Go with your gut. Use your head. Follow your heart. Well, which is it?
For the past few months, I’ve been taking care of a little dog with special needs named Sawyer. After being apparently thrown from a vehicle, the 3-year-old Shih Tzu was found on the side of the road, in a dire condition. He was brought in to the emergency rescue and had his remaining eye (he was already blind in one) removed.
I don’t have a ton of experience with dogs. I grew up mostly with cats and well, cats, you don’t train. I experienced the power of rescue dogs with my first dog Taylor, nearly 7 years ago, where she opened my eyes to how much need there is in the world for people who are willing to take on the “leftover” pets–the ones who deserve just as much in life as the purebreds and snuggly pet-store puppies.
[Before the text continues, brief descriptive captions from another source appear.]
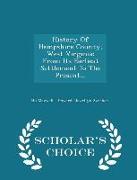 History of Hampshire County, West Virginia: From Its Earliest Settlement to the Present... - Scholar's Choice Edition
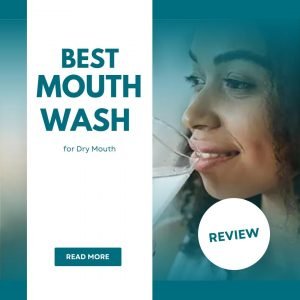 Best Mouthwash for Dry Mouth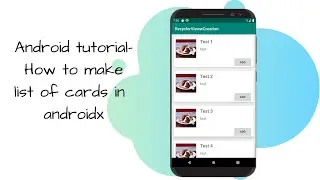 Android tutorial- How to make list of cards using androidx.
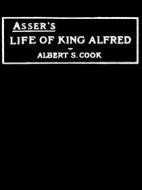 Ebook Asser&apos;s Life Of King Alfred di Asser John edito da Author
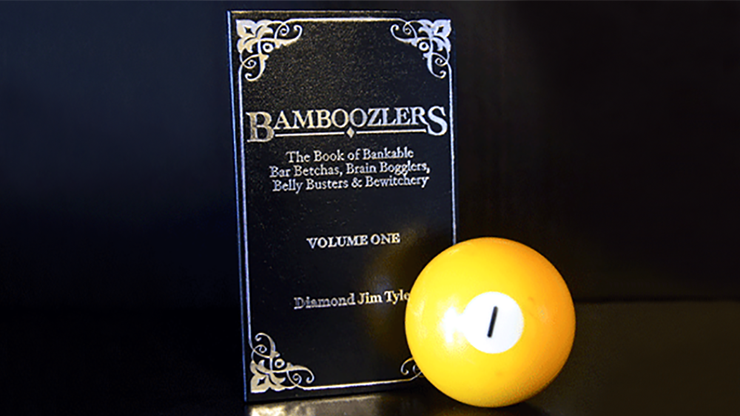 Bamboozlers Vol. 1 by Diamond Jim Tyler – Book - magic tricks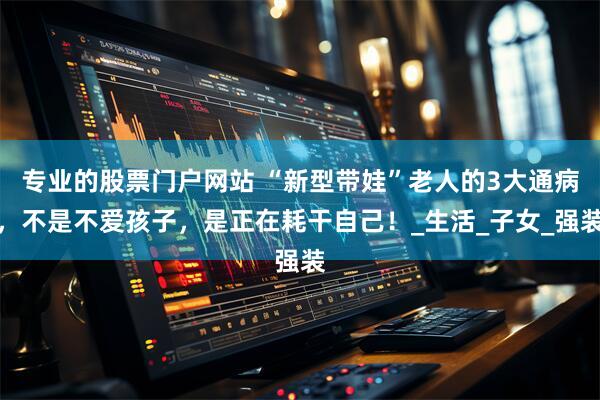 专业的股票门户网站 “新型带娃”老人的3大通病，不是不爱孩子，是正在耗干自己！_生活_子女_强装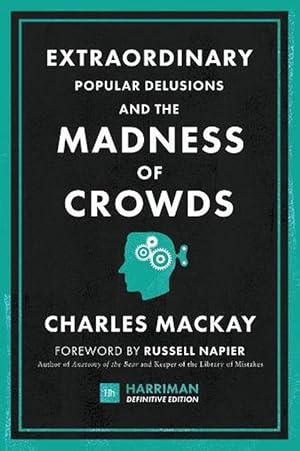 Bild des Verkufers fr Extraordinary Popular Delusions and the Madness of Crowds (Harriman Definitive Editions) (Hardcover) zum Verkauf von Grand Eagle Retail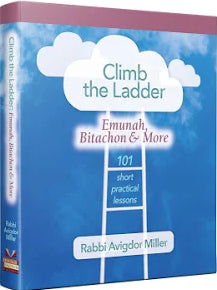 Climb the Ladder - Rabbi Avigdor Miller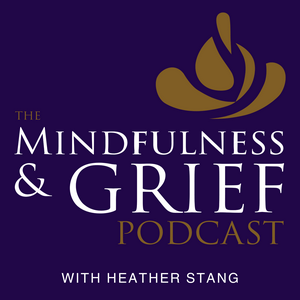 Listen to The Mindfulness & Grief Podcast in the App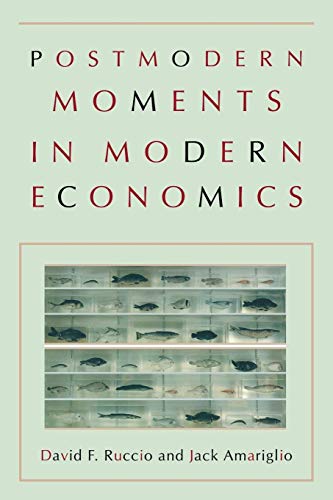Postmodern Moments in Modern Economics von Princeton University Press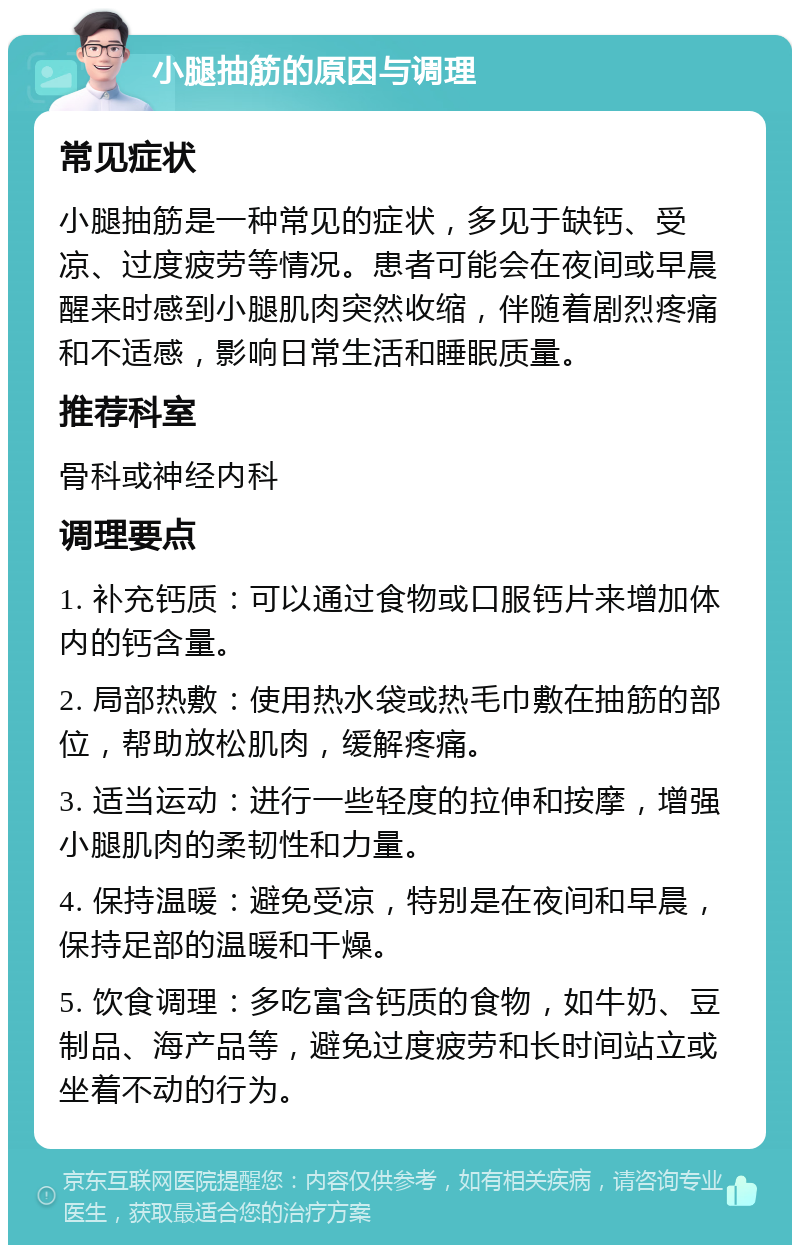 小腿抽筋的原因与调理 常见症状 小腿抽筋是一种常见的症状，多见于缺钙、受凉、过度疲劳等情况。患者可能会在夜间或早晨醒来时感到小腿肌肉突然收缩，伴随着剧烈疼痛和不适感，影响日常生活和睡眠质量。 推荐科室 骨科或神经内科 调理要点 1. 补充钙质：可以通过食物或口服钙片来增加体内的钙含量。 2. 局部热敷：使用热水袋或热毛巾敷在抽筋的部位，帮助放松肌肉，缓解疼痛。 3. 适当运动：进行一些轻度的拉伸和按摩，增强小腿肌肉的柔韧性和力量。 4. 保持温暖：避免受凉，特别是在夜间和早晨，保持足部的温暖和干燥。 5. 饮食调理：多吃富含钙质的食物，如牛奶、豆制品、海产品等，避免过度疲劳和长时间站立或坐着不动的行为。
When Taylor died, she sent me Oreo, another little one-eyed, terrified Shih Tzu with some incredible abandonment issues. Over the last year, Oreo has come out of her shell and hopefully, has been given the life of her dreams in our household. Once again, a rescue dog has taught me patience, compassion and empathy and has given me a determination to make a difference.
Sawyer entered the picture, newly blind, confused and scared. He has some serious control issues over his things and his space and expresses his feelings through an occasional growl or snap. I know that many of his incidents are a reaction to my own behaviors that he does not understand and it’s me that needs to learn how to communicate with him and make him feel safe so he can let down his guard. When he’s not being overprotective, he’s a snuggle bug. He walks around, gently bumping in to the things, searching for your hand and cuddling at your side. He may not be an easy dog–but he’s a dog that still deserves every wonderful thing that a dog could want in life.
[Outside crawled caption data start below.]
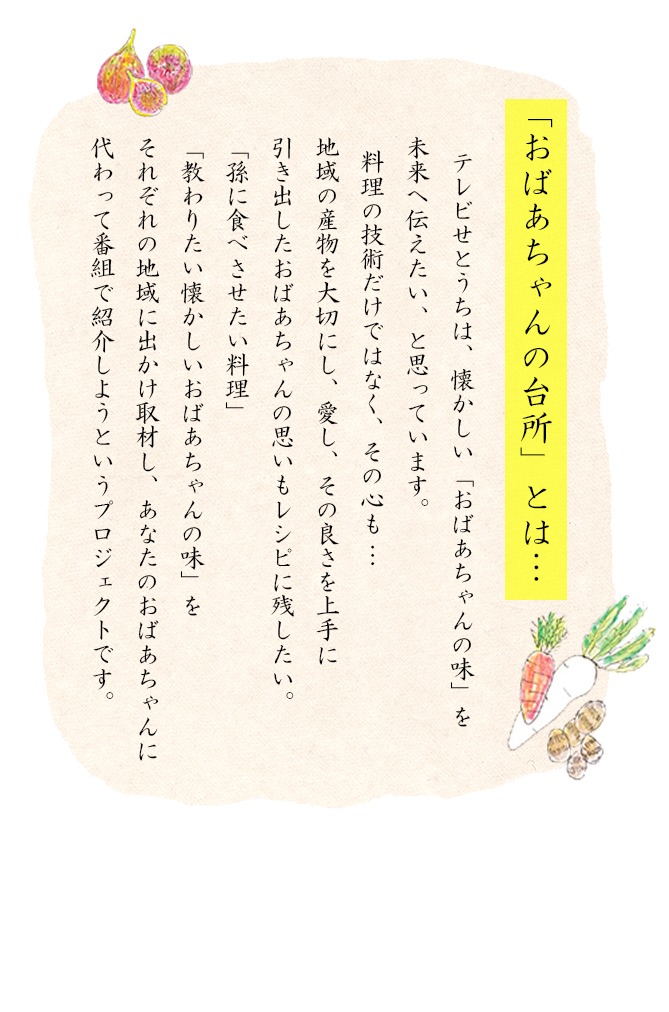 「おばあちゃん台所」とは・・・・「おばあちゃんの味」を未来へ伝えるプロジェクト。テレビせとうちは、懐かしい「おばあちゃんの味」を未来へ伝えたい、と思ってます。料理の技術だけでなく、その心も…　　地域地域の産物を大事にし、愛し、その良さを上手に引き出したおばあちゃんの思いもレシピに残したい。「孫に食べさせたい料理」「教わりたい懐かしいおばあちゃんの味」をそれぞれの地域に出かけ取材し、あなたのおばあちゃんに代わって番組で紹介しようというプロジェクトです。」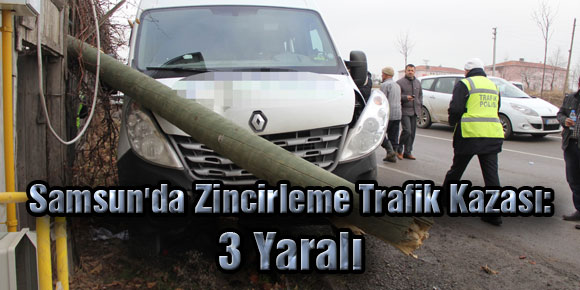 Samsunda Zincirleme Trafik Kazası: 3 Yaralı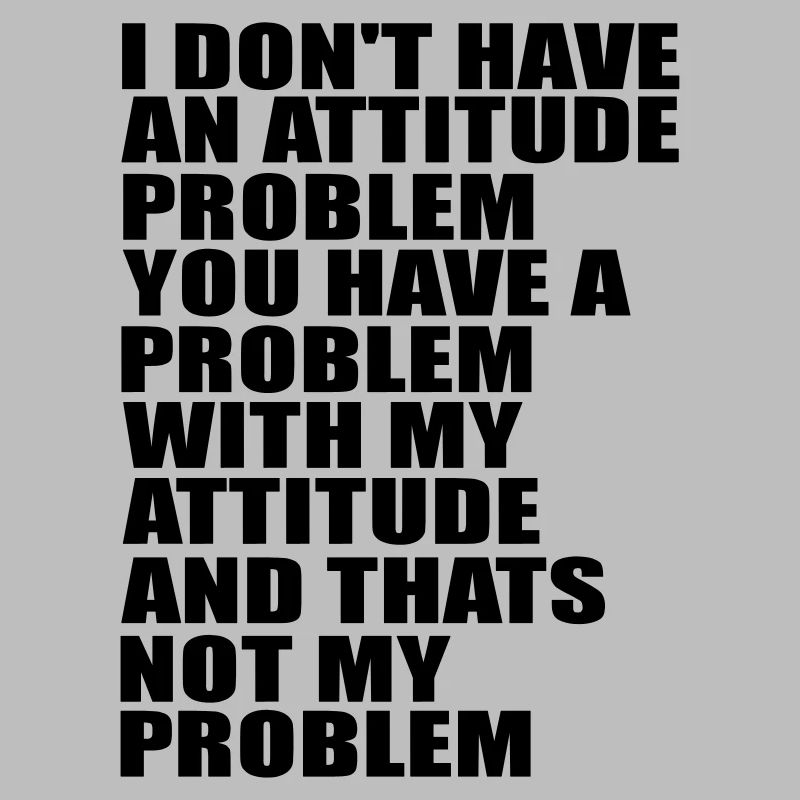 i don t have a problem quote
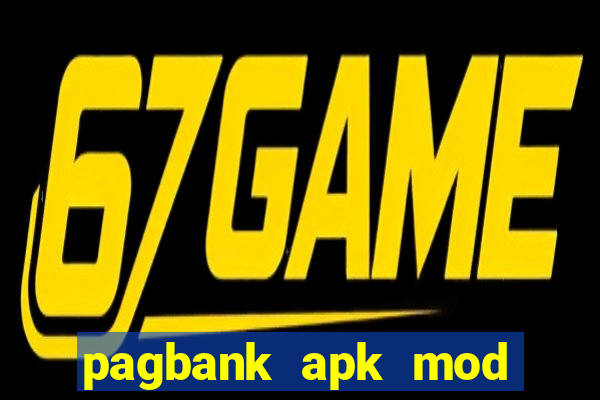 pagbank apk mod dinheiro infinito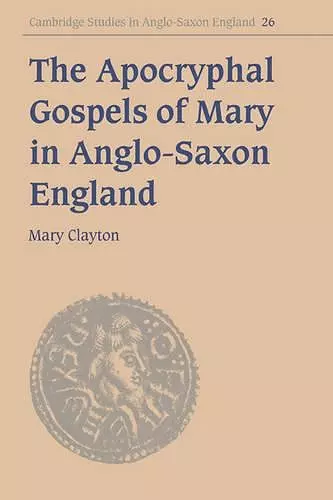 The Apocryphal Gospels of Mary in Anglo-Saxon England cover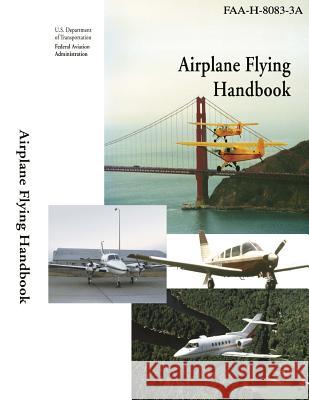 Airplane Flying Handbook (Color) Federal Aviation Administration 9781508496328 Createspace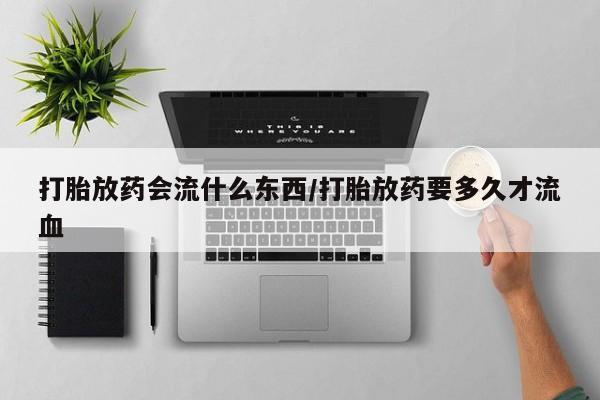流产药怎么购买打胎放药会流什么东西/打胎放药要多久才流血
And now, I’m faced with a decision. The situation with Sawyer has been temporary. We’ve been fostering him with the intent of deciding if we could provide him the forever home he deserved. I thought for sure, after this amount of time, that I would have answers. Are we the right family for Sawyer? Can we make this work? Are there things about our lifestyle that ultimately are not a good fit for quelling his aggressive behaviors?
When it comes down to willingness of putting in the work, no problem, I’m there. If we’re talking about patience and love and commitment, check, once again. But what about Sawyer? If he stays with us, would he be “settling” for us without having a real choice? The only thing I’m sure of is that I have no idea what the right decision is for everyone involved. Is there such a thing?
All of the advice that people give about approaching tough decisions seems to conflict this time. Am I supposed to go with my gut, use my head or follow my heart? In a situation like this, I’m not even sure which is which. I believe in advocating for those who do not have the voice to advocate for themselves; but sometimes that involves actually making decisions that they cannot. Every day we make decisions. Every day we affect the lives of others.